3 tabs under "my menu" settings!
Great ISO and IQ.
Very fast buffer.
60fps @1080p.
oh and having the mic in and headphone in on the same side so you only have to open one flap is sweet.


Not so good:
Only a 3 inch LCD, i know the extra .2 inches doesn't seem like a lot but it does make a difference. Plus not of my video accessories fit. 
Being a crop it does get the extra reach for birding but the loss of ISO and IQ is noticeable.

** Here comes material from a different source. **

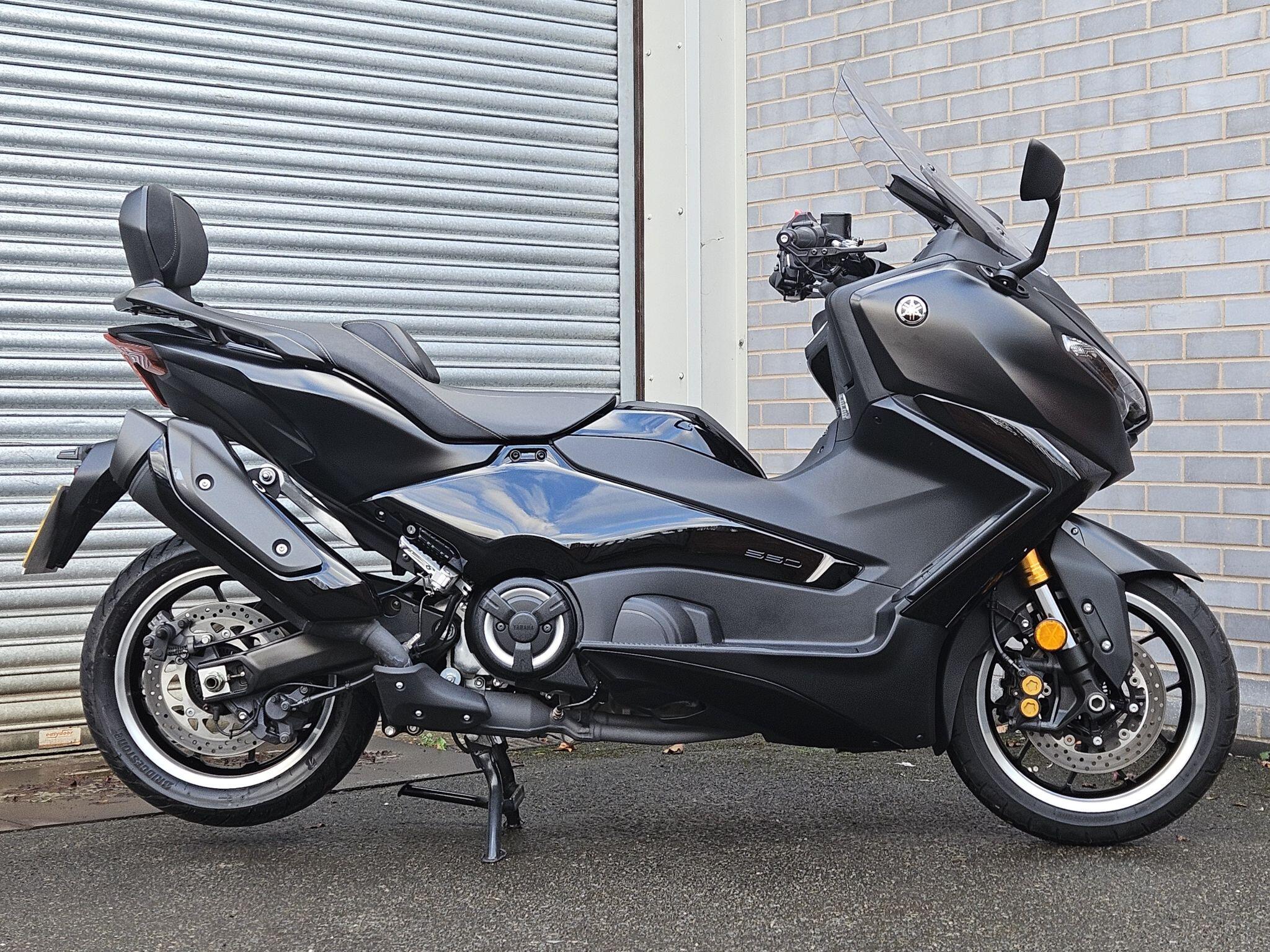 2025 Yamaha TMAX 560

I they combined the FPS, video AF and the toggle switch in the new 5D MK4 I'd be a very happy man.


----------



## ronlane (Aug 4, 2015)

Sweet runnah, we got ours the same day. Unfortunately, I do not have a 5D mk III like you do, but I like all the things you stated about the 7Dmkii. I'm still getting used to it and need to get a batter grip for it but I like what I've gotten so far.


----------



## runnah (Aug 4, 2015)

ronlane said:


> Sweet runnah, we got ours the same day. Unfortunately, I do not have a 5D mk III like you do, but I like all the things you stated about the 7Dmkii. I'm still getting used to it and need to get a batter grip for it but I like what I've gotten so far.



It's a company camera but since I am the boss I can play with the toys as I please. 

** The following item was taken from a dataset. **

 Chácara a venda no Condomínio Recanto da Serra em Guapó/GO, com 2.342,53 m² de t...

Yeah I was surprised it's maybe 2% smaller than the 5D but the buttons are all the same. It seems like Canon has chosen that to be the standard layout moving forward.

Don't forget to switch the toggle switch to be a single push to change the focus type.


----------



## JacaRanda (Aug 4, 2015)

runnah said:


> ronlane said:
> 
> 
> > Sweet runnah, we got ours the same day. Unfortunately, I do not have a 5D mk III like you do, but I like all the things you stated about the 7Dmkii. I'm still getting used to it and need to get a batter grip for it but I like what I've gotten so far.
> ...



And change exposure comp. to push rear dial button while turning top dial.


----------



## runnah (Aug 4, 2015)

Bryston3bsst said:


> runnah said:
> 
> 
> > *Being a crop it does get the extra reach........*


----------



## goodguy (Aug 5, 2015)

Having access to a 5D III and 7D II sounds like a sweet deal, you have the choice of the best of both worlds.

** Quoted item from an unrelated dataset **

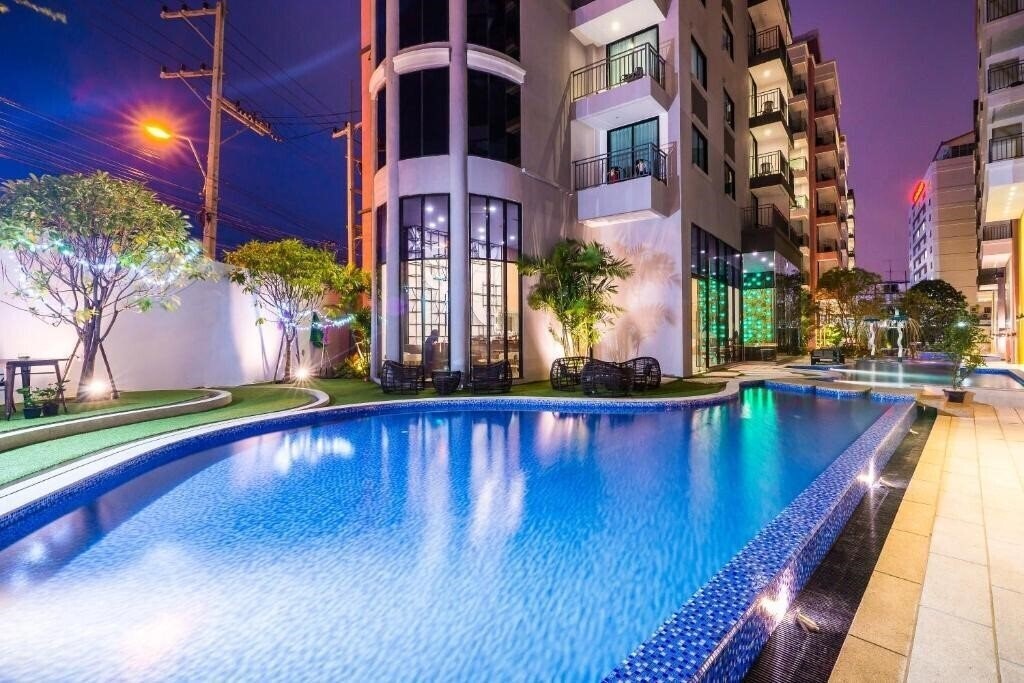 Отель Citrus Grande Hotel Bali Hai Wing 4*
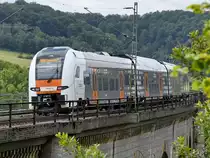Der RRX-Triebzug 462 010 Anfang Juli 2019 auf dem Viadukt Altenbeken.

Just curious, comparing the low light performance of both cameras how much better (in your opinion) is the 5D III vs the 7D II ?


----------



## runnah (Aug 5, 2015)

goodguy said:


> Having access to a 5D III and 7D II sounds like a sweet deal, you have the choice of the best of both worlds.
> 
> Just curious, comparing the low light performance of both cameras how much better (in your opinion) is the 5D III vs the 7D II ?



Maybe 30% better? Hard to put a number on it lol.

this shot was at 5000 ISO and was super crunchy, I frequently get great low noise shots at ISO 8000 with the 5D.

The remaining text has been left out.